The problem: Every record must be transcribed in its entirety, apart from the images, which are to be omitted.

*** Opening Given data ***

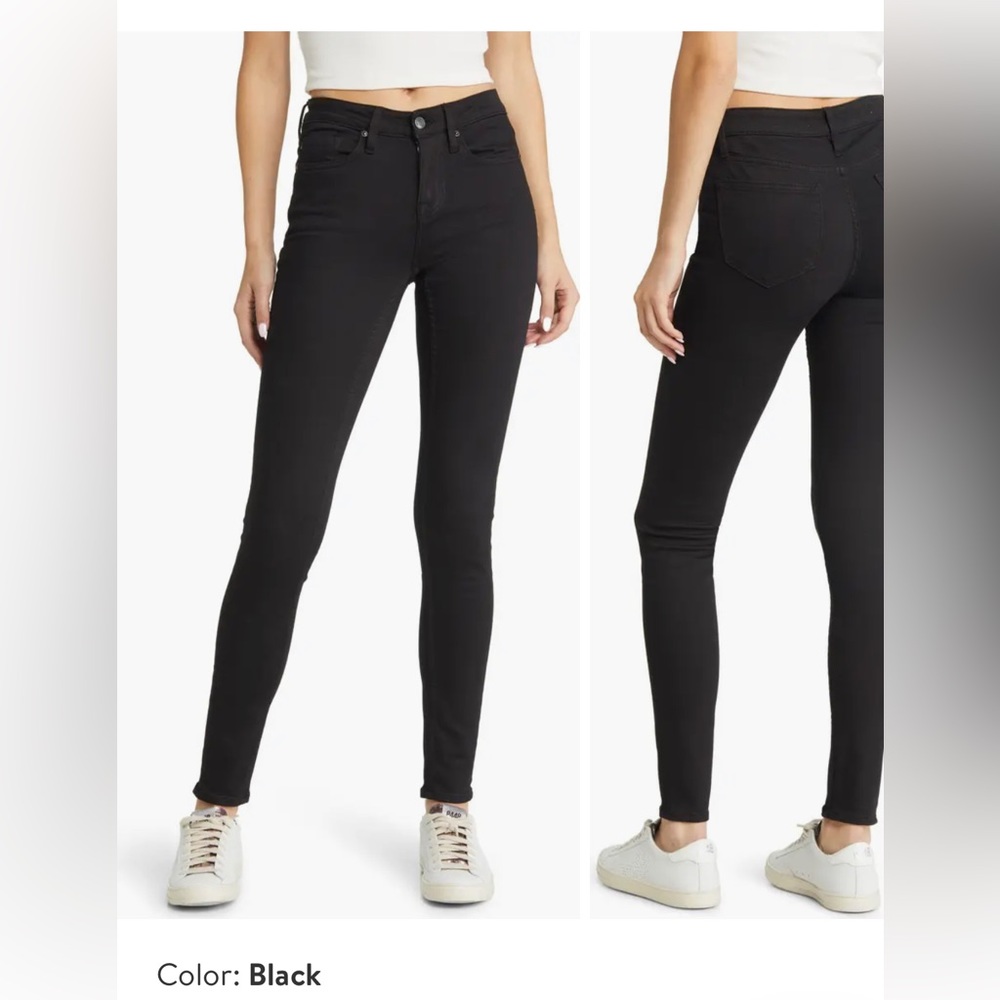 Vigoss Marley super skinny jeans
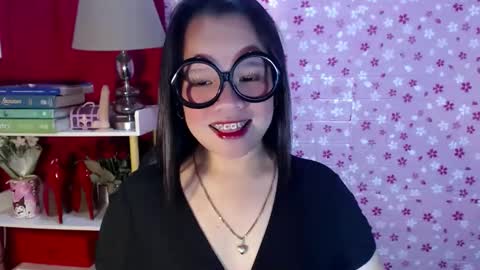 Joana online show from 15, 11, 2025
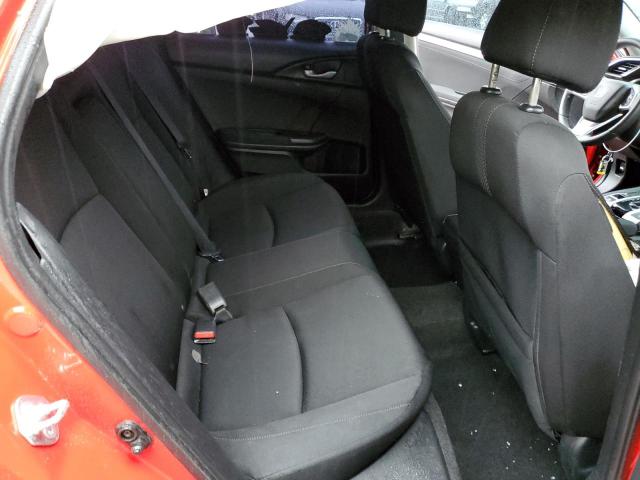 Photo 10 from auction – 2018 HONDA CIVIC EX with VIN 2HGFC2F73JH603864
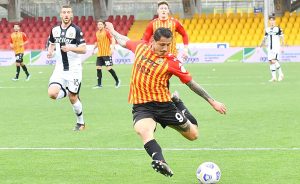 Playoff Serie B 2021/2022: Lapadula gela il Pisa, Benevento con due risultati su tre al ritorno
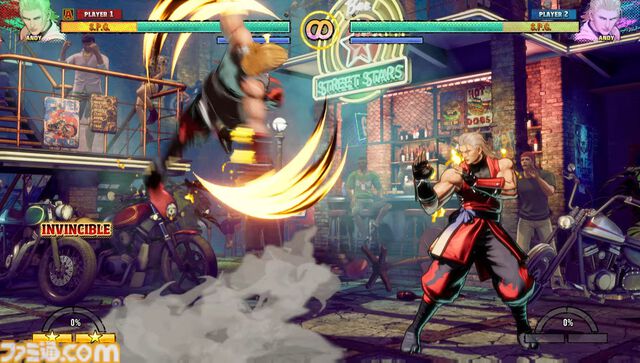 『餓狼伝説 CotW』アンディ試遊レビュー、旧作の愛に満ちた技の数々を紹介。EVO Japan 2025のSNKブースはえなこさん＆Akiさんのコスプレ撮影会や展示も大人気！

*** Closing Given data ***

Result of this exercise:
 Vigoss Marley super skinny jeans
 Joana online show from 15, 11, 2025
 Photo 10 from auction – 2018 HONDA CIVIC EX with VIN 2HGFC2F73JH603864
 Playoff Serie B 2021/2022: Lapadula gela il Pisa, Benevento con due risultati su tre al ritorno
 『餓狼伝説 CotW』アンディ試遊レビュー、旧作の愛に満ちた技の数々を紹介。EVO Japan 2025のSNKブースはえなこさん＆Akiさんのコスプレ撮影会や展示も大人気！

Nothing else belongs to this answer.